Europe, Germany

Hiking to Drachenfels

Europe Germany

Entering one of the Rheinsteig paths leading up to Drachenfels is always somewhat of a mystical experience for me. Traffic sounds hush suddenly, bowing to the sounds of branches swishing in the wind, leaves stretching out their buds and a creek bubbling, joyfully.

The Niebelungenlied, the epic poem in Middle High German, describes how the hero Siegfried killed the dragon Fafnir, who lived in a cave in the Drachenfels. Siegfried then bathed in Fafnir’s blood, rendering him invincible, except for his Achille’s tendon, a spot between his shoulder blades, which was covered by a linden leaf. Richard Wagner partly based his operatic cycle der Ring des Nibelungen on the Nibelungenlied.

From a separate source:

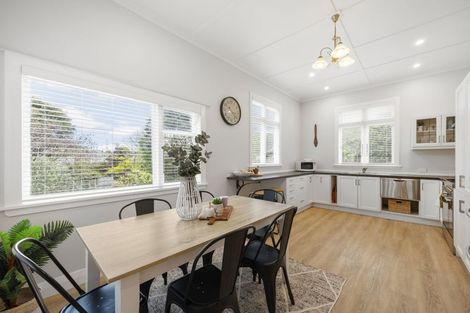 Photo of property in 1 Dover Street, Island Bay, Wellington, 6023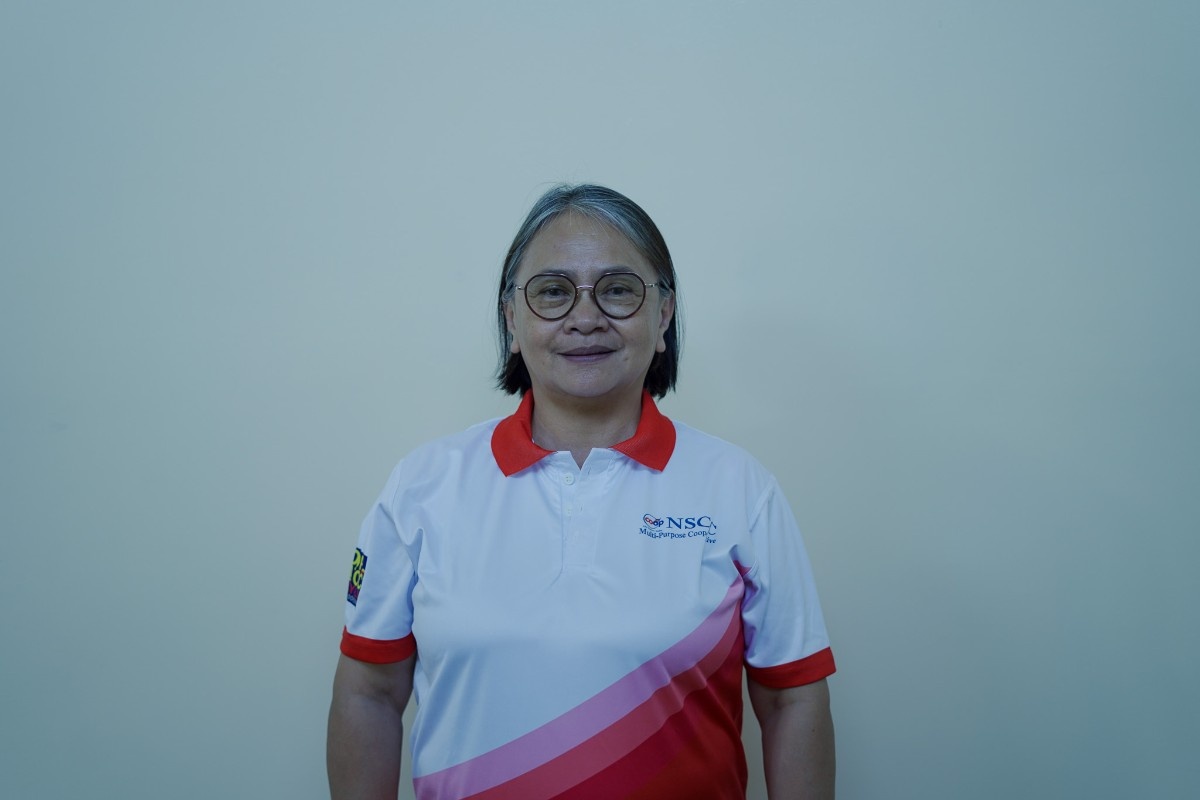 <span class="text-sm"><span class="text-bold">Julie Montes</span></span>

There’s a nice view of the Rhine from the restaurant platform on the way to the top of Drachenfels.
The ruin at the top of the hill is all that is left of Burg Drachenfels, built in the 12th century by Archbishop Arnold I of Cologne

Closer to the clouds than the Earth, the view from Drachenfels is lovely. It’s easy to see why the place was beloved by poets of Rhine Romanticism. Lord Byron also wrote about Drachenfels. Here is an excerpt from his poem of the same name:

The castled crag of Drachenfels
Frowns o’er the wide and winding Rhine
Whose breast of waters broadly swells
Between the banks which bear the vine.